DELAWARE TAKEOVER LEGISLATION
 
     Section 203 of the Delaware General Corporation Law ("Section 203") makes
it more difficult to effect certain transactions between a Delaware corporation
and a person or group who or which owns 15% or more of the corporation's
outstanding voting stock (including any rights to acquire stock pursuant to an
option, warrant, agreement, arrangement or understanding, or upon the exercise
of conversion or exchange rights, and stock with respect to which the person has
voting rights only), or is an affiliate or associate of the corporation and was
the owner of 15% or more of such voting stock at any time within the previous
three years (excluding persons who became 15% stockholders by action of the
corporation alone).
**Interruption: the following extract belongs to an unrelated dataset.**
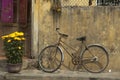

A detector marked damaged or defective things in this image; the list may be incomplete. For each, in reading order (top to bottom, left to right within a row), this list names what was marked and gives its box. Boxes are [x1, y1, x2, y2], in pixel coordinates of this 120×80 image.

old rusty bicycle [38, 27, 109, 73]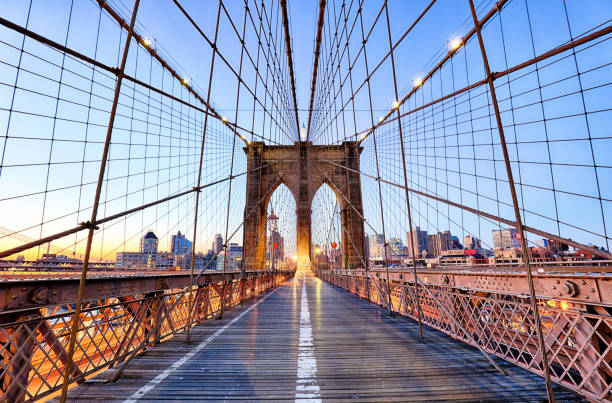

The legislation prevents, for a period of three years
following the date that a stockholder became a holder of 15% or more of the
corporation's outstanding voting stock, the following types of transactions
between the corporation and the 15% stockholder (unless certain conditions,
described below, are met): (i) mergers or consolidations, (ii) sales, leases,
exchanges or other transfers (except proportionately as a stockholder) of 10% or
more of the aggregate assets of the corporation, (iii) issuances or transfers by
the corporation of any stock of the corporation which would have the effect of
increasing the 15% stockholder's proportionate share of the stock of any class
or series of the corporation, (iv) receipt by the 15% stockholder of the benefit
(except proportionately as a stockholder) of loans, advances, guarantees,
pledges or other financial benefits provided by the corporation and (v) any
other transaction which has the effect of increasing the proportionate share of
the stock of any class or series of the corporation which is owned by the 15%
stockholder.
 
     The three-year ban does not apply if either the proposed transaction or the
transaction by which the 15% stockholder became a 15% stockholder is approved by
the board of directors of the corporation prior to the date such stockholder
became a 15% stockholder. Additionally, a 15% stockholder may avoid the
statutory restriction if, upon the consummation of the transaction whereby such
stockholder became a 15% stockholder, the stockholder owns at least 85% of the
outstanding voting stock of the corporation without regard to those shares owned
by directors who are officers or certain employee stock plans. Business
combinations are also permitted within the three-year period if approved by the
board of directors and, at an annual or special meeting, by the holders of
66 2/3% of the outstanding voting stock not owned by the 15% stockholder.
 
     A corporation may, at its option, exclude itself from the coverage of
Section 203 by providing in its certificate of incorporation or bylaws at any
time to exempt itself from coverage, provided that a bylaw or charter amendment
cannot become effective for 12 months after such amendment is adopted and shall
not apply to a transaction between the corporation and any person who became a
15% stockholder prior to adoption of such provision. In addition, any
transaction is exempt from the statutory ban if it is proposed at a time when
the corporation has proposed, and a majority of certain continuing directors of
the corporation have approved, a transaction with a party who is not a 15%
stockholder of the corporation (or who became such with board approval) if the
proposed transaction involves (i) certain mergers or consolidations involving
the corporation, (ii) a sale or other transfer of over 50% of the aggregate
assets of the corporation or (iii) a tender or exchange offer for 50% or more of
the outstanding voting stock of the corporation. The COI of the Company (which
is a Delaware corporation) does not contain a provision "opting out" of the
coverage of Section 203.
 
     Unless Thermo Electron acquires a sufficient number of Shares pursuant to
the Offer to satisfy the 85% requirement of Section 203 or unless certain other
provisions of Section 203 are complied with, Thermo Electron would be unable, if
Thermo Electron becomes a 15% stockholder, to effect a merger with the Company
for a period of three years from the consummation of the Offer and would be
prevented from engaging in certain transactions by Section 203.
 
                                       16
   17
 
     If Thermo Electron acquires a sufficient number of Shares pursuant to the
Offer to satisfy the 85% requirement of Section 203, Thermo Electron would be
able to effect a merger with the Company without any application of the
three-year waiting period.
 
     The foregoing description of Section 203 is qualified in its entirety by
reference to Section 203 of the Delaware General Corporation Law.
 
STOCKHOLDER LITIGATION
 
     On October 7, 1994, a purported class action complaint (the "Complaint")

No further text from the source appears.